:: SUPPLIED INFORMATION ::
......

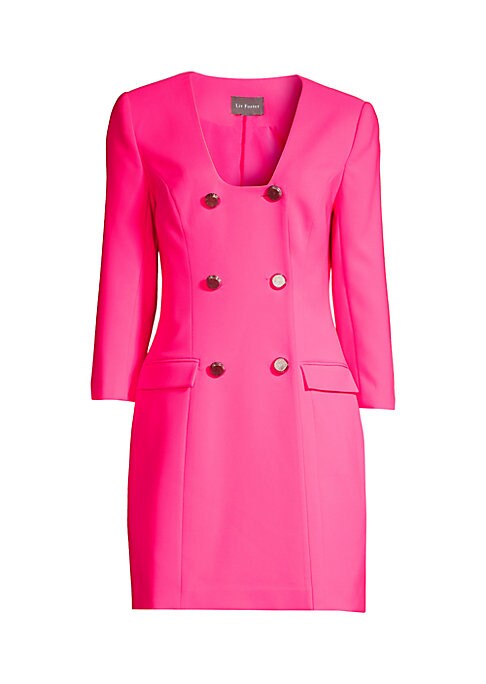 Chic Crepe Blazer Dress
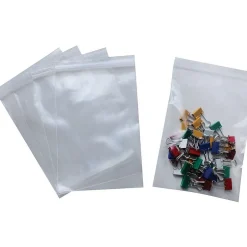 The Packaging Wholesalers 4" x 3" Reclosable Poly Bags, 2 Mil, Clear, 1000/Pack (PB3545)* Reclosable Poly Bags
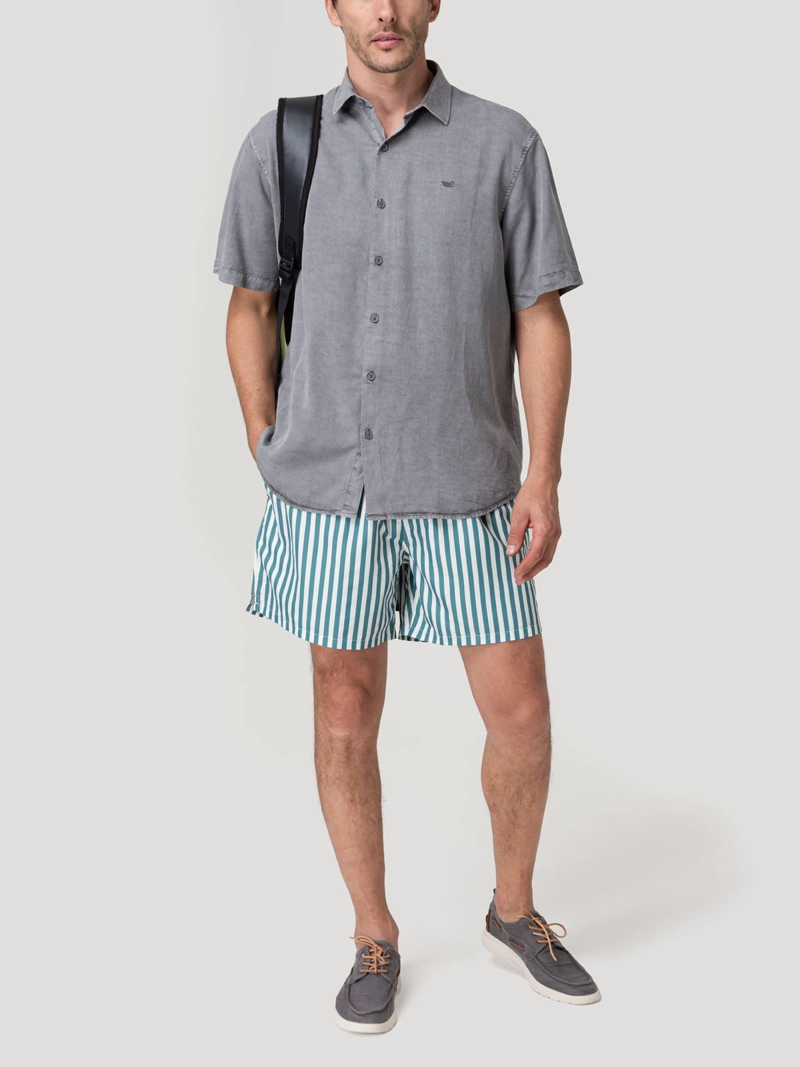 Traje De Baño Hombre Izam Celeste Rockford - 9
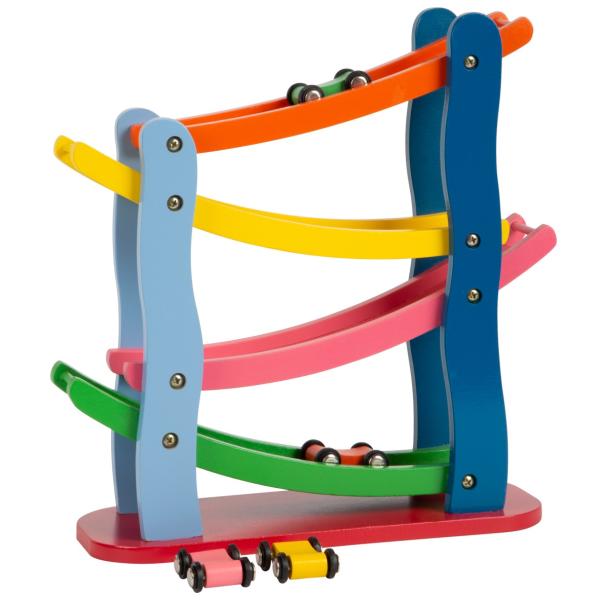 Small Foot Dřevěná závodní dráha 4 autíčka (obrázek 5)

......

The whole of the data needs to be copied word for word, though not its pictures.

 Chic Crepe Blazer Dress
 The Packaging Wholesalers 4" x 3" Reclosable Poly Bags, 2 Mil, Clear, 1000/Pack (PB3545)* Reclosable Poly Bags
 Traje De Baño Hombre Izam Celeste Rockford - 9
 Small Foot Dřevěná závodní dráha 4 autíčka (obrázek 5)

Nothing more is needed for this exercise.